The interview seems to have come to a close. As I'm getting ready to go, I tell Ahuvah Gray what her apartment reminded me of when I first walked in.

“Oh, this apartment. That's a story. For another time. All I can say is, God gave me exactly what I needed. He always has and always will.”

“How do you account for your emuna [faith]?” I ask her.

“You have emunah, too, you know. Sometimes we just don't realize what we have. As I told you, I witnessed my grandmother's faith throughout my life and it was passed on, definitely. And almost as far back as I can remember, I've always put things into what I think of as my God Box.” I asked what that is.

“Well, I'll give you an example. One night around five years ago, not long after I got this apartment, the telephone rang at 4 a.m. Now, anybody who lives far away from his family can tell you that anything like that's going to make you nervous. When I left America I left my entire family behind -- I haven't seen them for four years now -- and so as I reached for the phone I was already dreading whatever I was going to hear. It was my sister Nellie, and sure enough, she had bad news. Our beloved brother, Ezra -- a young man, he's my baby brother -- had had a massive heart attack.

“When I hung up that phone, I started davening. I davened, and davened, and kept davening, and crying. I was begging God till the sun came up. 'Please, God, save Ezra. Don't let Ezra die.'

“Then all of a sudden, it hit me. I thought to myself, 'Wait a minute,' and I said, 'For heaven's sake, what in the world am I doing? Who am I to tell God what to do?'

“So then, I prayed, 'God, You formed Ezra in our mother's womb. You created him, You formed him. It's You Who gave him his soul. It's You Who gave him life. So if it's time for You to take him back, I let go. I let go, God.' That's how I put Ezra in my God Box. And then I added, 'And let Nellie get it.'”

“Let Nellie get it?”

“Right, I said, 'God, let Nellie get it.'”

“Did she get it?”

“She got it.”

“And Ezra....?”

“Oh, he's fine. Nellie called me after three days to say he was sitting up in bed cracking jokes. Look, all of this is my way of expressing the concept of the Yitzchak principle, when Avraham was going to sacrifice his only son. Our Sages of blessed memory teach us that Avraham Aveinu was willing to go to any length to teach us to do a mitzvah.”

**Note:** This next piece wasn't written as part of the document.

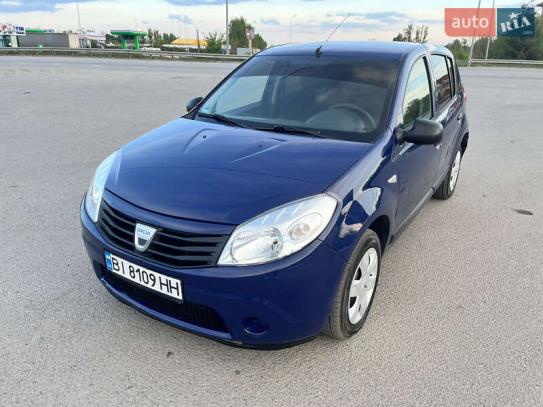 Dacia Sandero                         2009г. в рассрочку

“So what does that have to do with the 'God Box'?”

“It's that when I love something very dearly, I'm willing to release it to God.”

I get my coat on, she calls a taxi, then I follow her back down the stairway.

My mind's on my mother, ill in Los Angeles.

God, please, I'm thinking. Let me get it, too. The cold air hits, I climb into the cab, then Ahuvah Gray calls, “L'hitraot!” and disappears upstairs.